## YOUR INSTRUCTIONS:
The records underneath are to be repeated exactly, with the pictures left out.

START PROVIDED INFORMATION

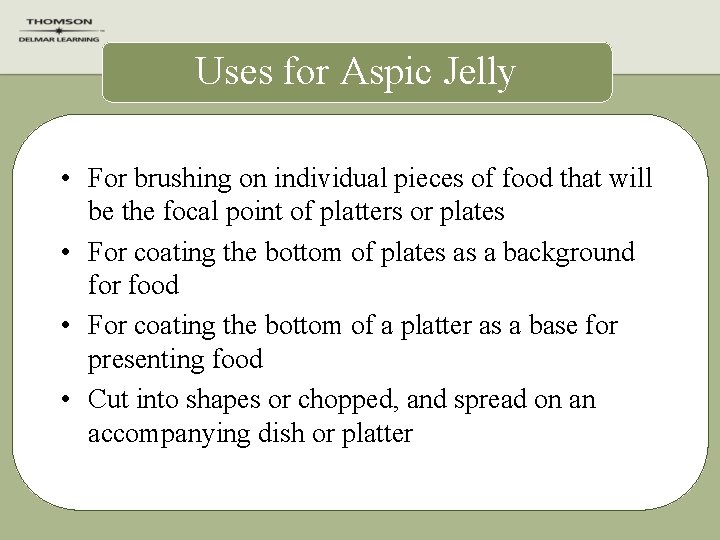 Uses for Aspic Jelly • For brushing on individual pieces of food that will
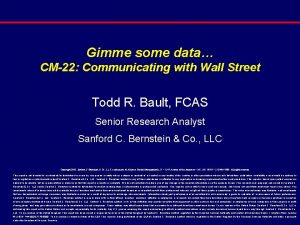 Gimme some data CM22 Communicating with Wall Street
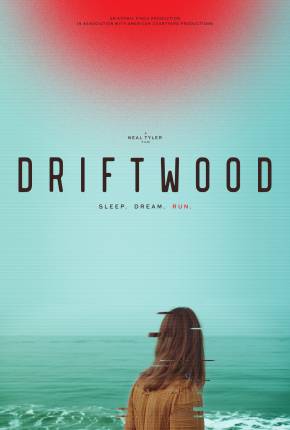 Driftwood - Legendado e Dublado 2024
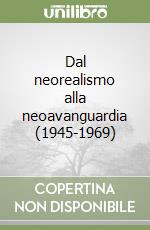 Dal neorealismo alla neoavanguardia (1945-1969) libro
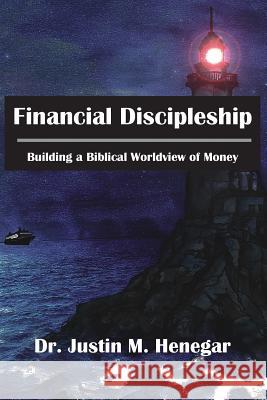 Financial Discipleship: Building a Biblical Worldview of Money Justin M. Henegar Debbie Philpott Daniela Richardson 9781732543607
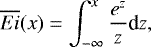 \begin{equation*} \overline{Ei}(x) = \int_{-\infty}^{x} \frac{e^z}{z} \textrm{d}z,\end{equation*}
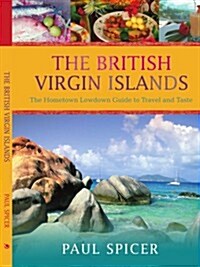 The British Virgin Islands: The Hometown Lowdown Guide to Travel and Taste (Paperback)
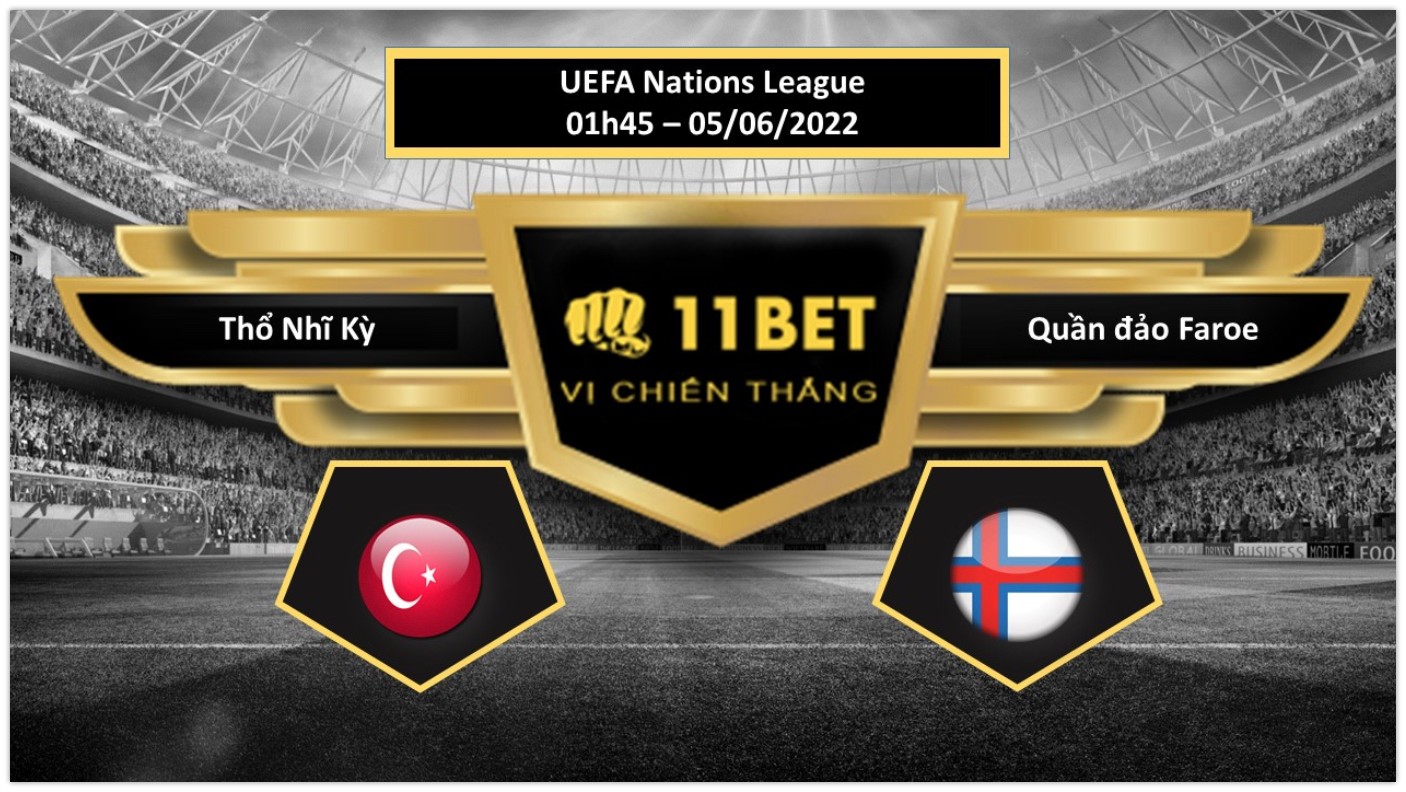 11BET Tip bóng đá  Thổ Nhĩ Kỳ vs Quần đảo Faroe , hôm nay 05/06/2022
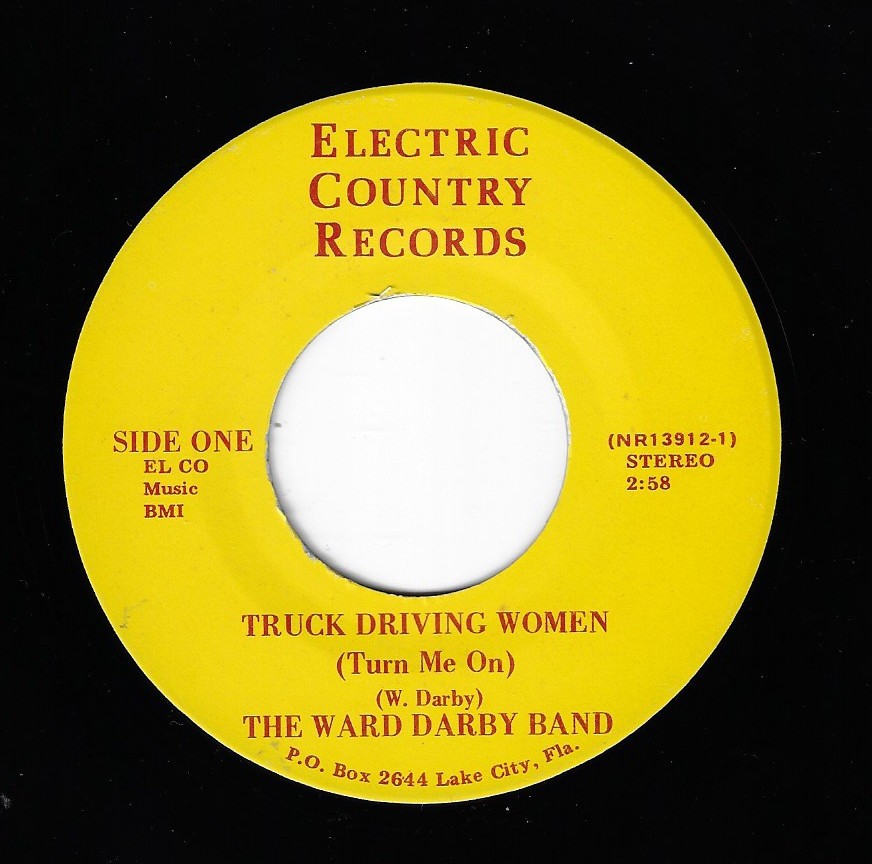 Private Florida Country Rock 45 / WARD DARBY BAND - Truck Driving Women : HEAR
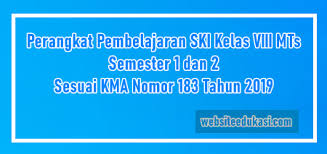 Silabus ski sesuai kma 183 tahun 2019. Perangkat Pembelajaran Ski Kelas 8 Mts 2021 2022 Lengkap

END PROVIDED INFORMATION

## RESULT FOR THIS EXERCISE:
 Uses for Aspic Jelly • For brushing on individual pieces of food that will
 Gimme some data CM22 Communicating with Wall Street
 Driftwood - Legendado e Dublado 2024
 Dal neorealismo alla neoavanguardia (1945-1969) libro
 Financial Discipleship: Building a Biblical Worldview of Money Justin M. Henegar Debbie Philpott Daniela Richardson 9781732543607
 \begin{equation*} \overline{Ei}(x) = \int_{-\infty}^{x} \frac{e^z}{z} \textrm{d}z,\end{equation*}
 The British Virgin Islands: The Hometown Lowdown Guide to Travel and Taste (Paperback)
 11BET Tip bóng đá  Thổ Nhĩ Kỳ vs Quần đảo Faroe , hôm nay 05/06/2022
 Private Florida Country Rock 45 / WARD DARBY BAND - Truck Driving Women : HEAR
 Silabus ski sesuai kma 183 tahun 2019. Perangkat Pembelajaran Ski Kelas 8 Mts 2021 2022 Lengkap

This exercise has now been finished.